_What to produce_
Reproduce the whole listing below without its pictures, exactly as written.

_Exercise data_
Segment Open

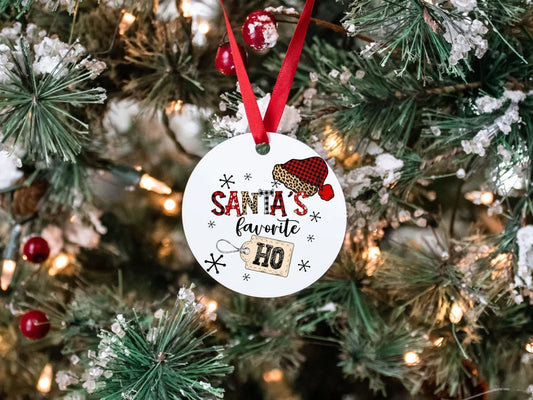 Santa's favorite HO Christmas ornament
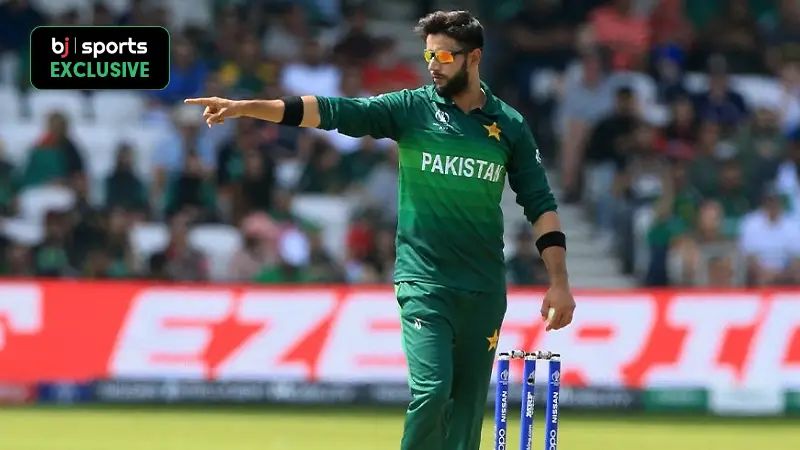 Imad Wasim's top 3 performances in T20Is (consider both batting and bowling)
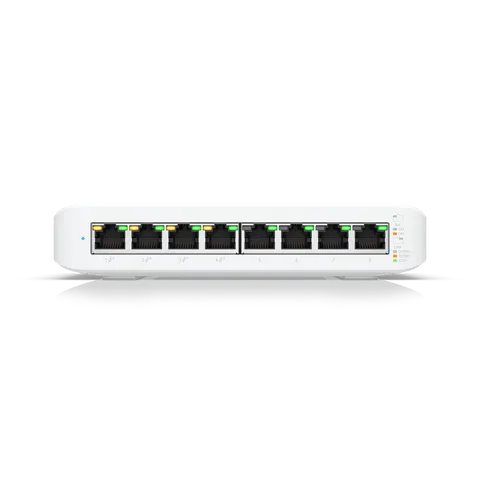Ubiquiti USW-Lite-8-POE UniFi Managed Gigabit Switch • 8 Ports (4 PoE+, 52W)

Segment Closed

_Answer area_
 Santa's favorite HO Christmas ornament
 Imad Wasim's top 3 performances in T20Is (consider both batting and bowling)
Ubiquiti USW-Lite-8-POE UniFi Managed Gigabit Switch • 8 Ports (4 PoE+, 52W)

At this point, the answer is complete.